# Parelli Games



## HorsesAreForever (Nov 9, 2007)

These are literally the games that saved my life! If you want to know how just let me know!

First 4 Parelli Games! at One True Media - share slideshows, slide shows, MySpace slideshows, MySpace codes, free video sharing, video montages.

Anyone who is a parelli follower please give me a critique. Were just beginers haa


----------



## SonnyWimps (Feb 22, 2008)

HAF, I think you and Chance look awesome! I already told you the things I saw in AIM, but I still think you two have gone soooooooooooooooooooooooooooooo far! You two look amazing hehe! Can't wait to see how far you two will go! I'm sure you'll go extremely far!!!!!!


----------



## wanderlust (Nov 18, 2008)

Well, I can't critique because I don't know what to look for. But, what was the first song playing on the vid?


----------



## HorsesAreForever (Nov 9, 2007)

wanderlust-- the song is called Amazing -- Im not sure who its by though.

Jenny- THANKS !!


----------



## HorsesAreForever (Nov 9, 2007)

r u serious no one has anything to say :[


----------



## Snapple122 (Aug 8, 2008)

> r u serious no one has anything to say :[


I think it's because most of us really don't agree with the whole Parelli thing.


----------



## SallyBaby (Nov 30, 2008)

I would like to try the parelli thing with Sally, but i have herd that some parelli people dont diciplin their horses enough and just let them de whatever they want. 
I would still like to try some of the games though.


----------



## Spastic_Dove (Oct 4, 2007)

Sally:: You could just steal some of Parelli's methods/games/whatever and still discipline your horse. 

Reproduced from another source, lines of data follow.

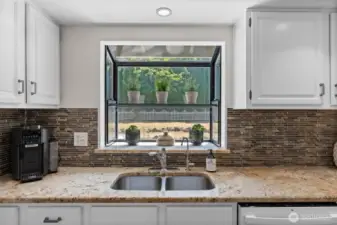 View looking onto back yard from your kitchen sink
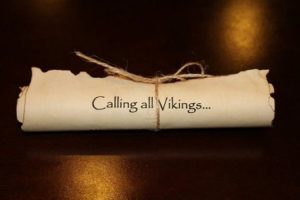 A Quinceanera theme image featuring Vikings and a roll of paper with a message on it.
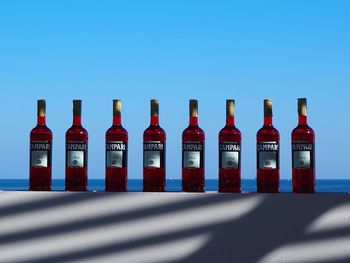 Row of bottles on table against blue background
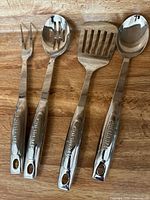 Four stainless steel Cuisinart utensils on wooden surface showing fork, slotted spoon, spatula, and serving spoon with logo on handles.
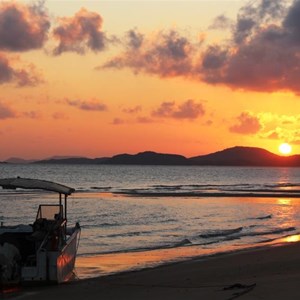 The sun rising over Cape York from Punsand Bay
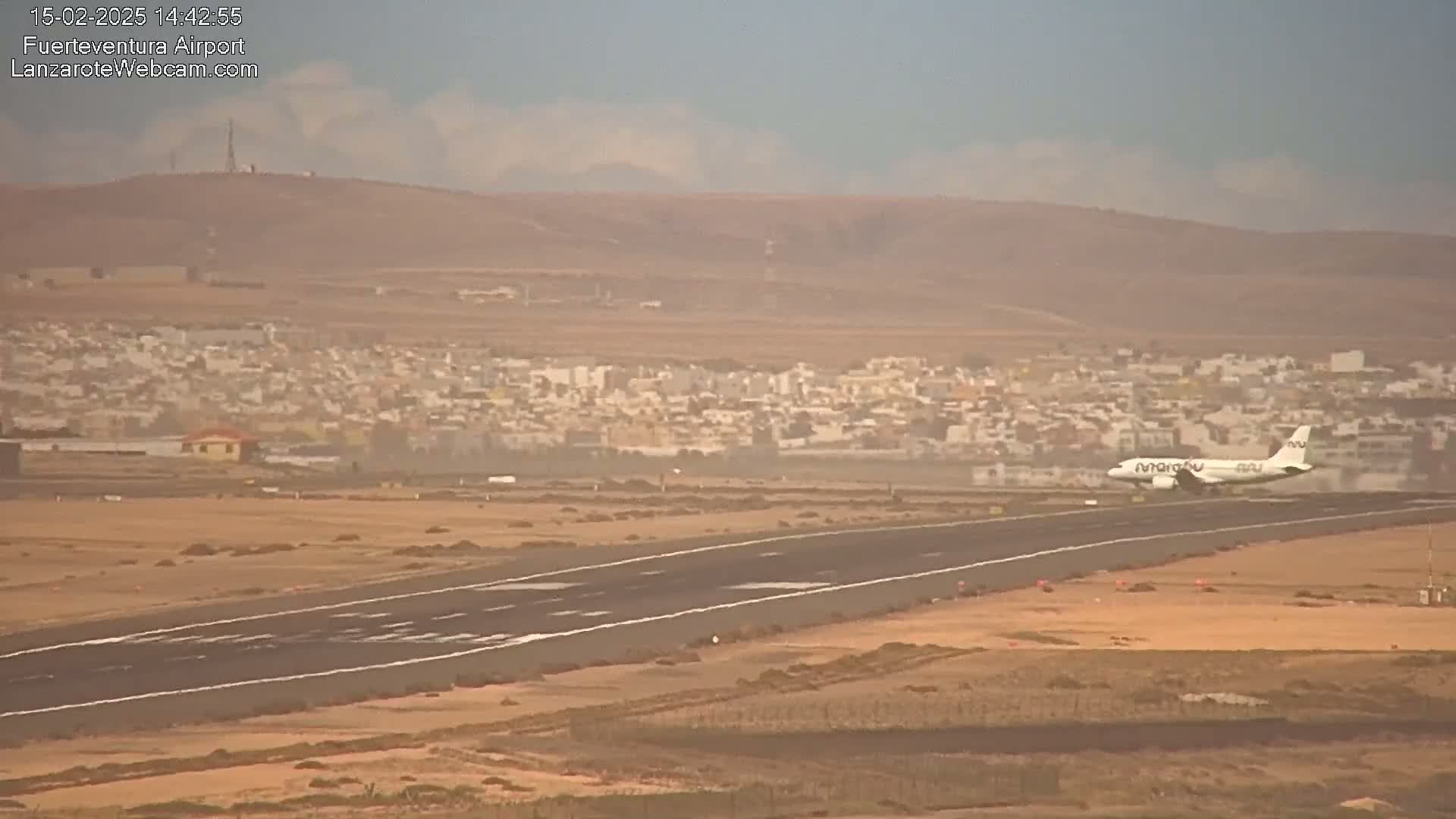 A plane is landing on a runway near a town in hazy conditions.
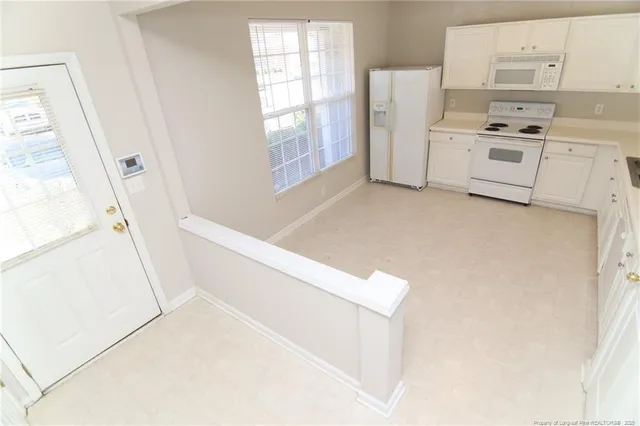 a kitchen with white cabinets and white appliances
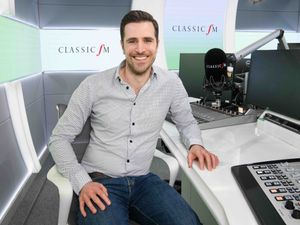 Alexander Dragonetti sitting at a radio desk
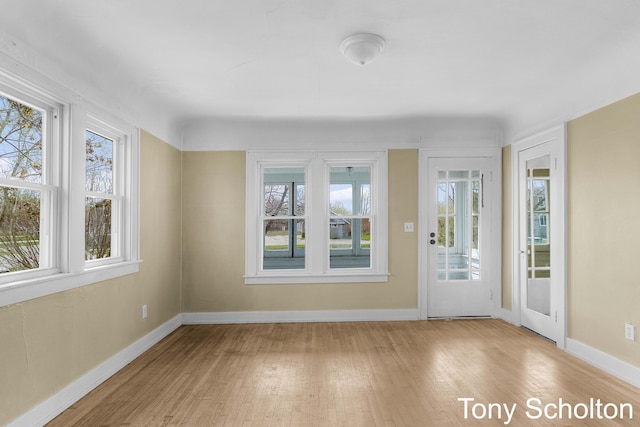 interior space with baseboards and wood finished floors
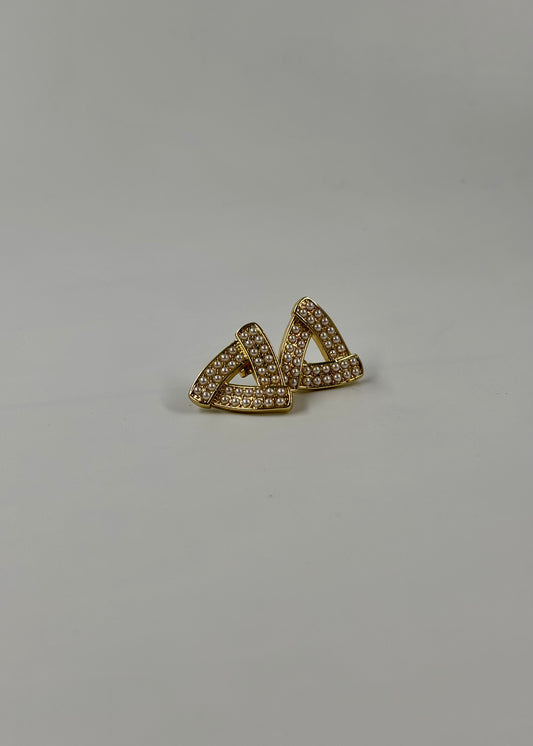 Arete triángulo con perlas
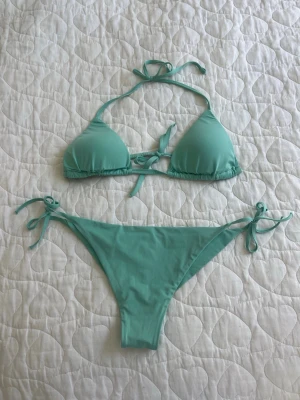 Mintgrön Calzedonia bikini  - Snygg mintgrön bikini från Calzedonia med trekantsöverdel och knyt både i nacken och ryggen. Underdelen har knyt i sidorna för justerbar passform. Säljer då den är för liten och har bara används 2 gånger. Orginalpris var 730kr totalt för både under och överdel.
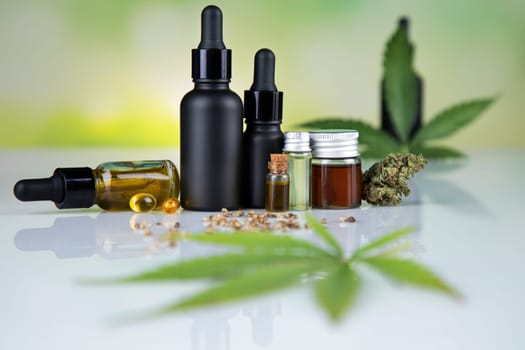 Hemp oil and marijuana leaves on extract cbd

I am a thief from like...everyone haha.


----------



## RusticWildFire (Jul 6, 2008)

Wanderlust - The song is Amazing by Janelle
Other than that HAF - I don't know much about the Parelli games but it looks like you are having fun, so that's good!


----------



## HorsesAreForever (Nov 9, 2007)

Thanks everyone. YOu would be sooooo suprised how much parelli does get after there horses its just with out the whips and hard smacks. But it does get results. Chance use to be soo stubborn and WOULDNT move no matter how much u swung that rope in her face and the clip hit her chin but it got her annoyed and she stepped away from it and it all stop and shes like WHOA how did i do that haha so now were up to hardy even moving the rope sometimes! I use to be COMPLETELY against parelli but I figured out how it works and im getting majo results! 

Accually in the video my energy was down SOO Much so we were both lazy that day. But yesterday I was hyper and ready and she was running with me and leading and playfull shaking her head.. it can get pretty fun! Ill have to get new and better videos when i have time!


----------



## SonnyWimps (Feb 22, 2008)

SallyBaby said:


> I would like to try the parelli thing with Sally, but i have herd that some parelli people dont diciplin their horses enough and just let them de whatever they , want.
> I would still like to try some of the games though.


Oh, I definately discipline Sonny if he needs to be. But I don't discipline by kicking him, hitting him with a whip, or hitting them without giving them enough time to correct their actions (called phases...phase one would be asking gentle phase two would be a tiny bit more pressure, phase three would be more pressure, and phase four would be alot of pressure....but not as much as most people use to discipline their horse.).
I have had so many problems with my horse, and doing Parelli has fixed them.

Rustic: Thanks for the name lol I was wondering also who it was also


----------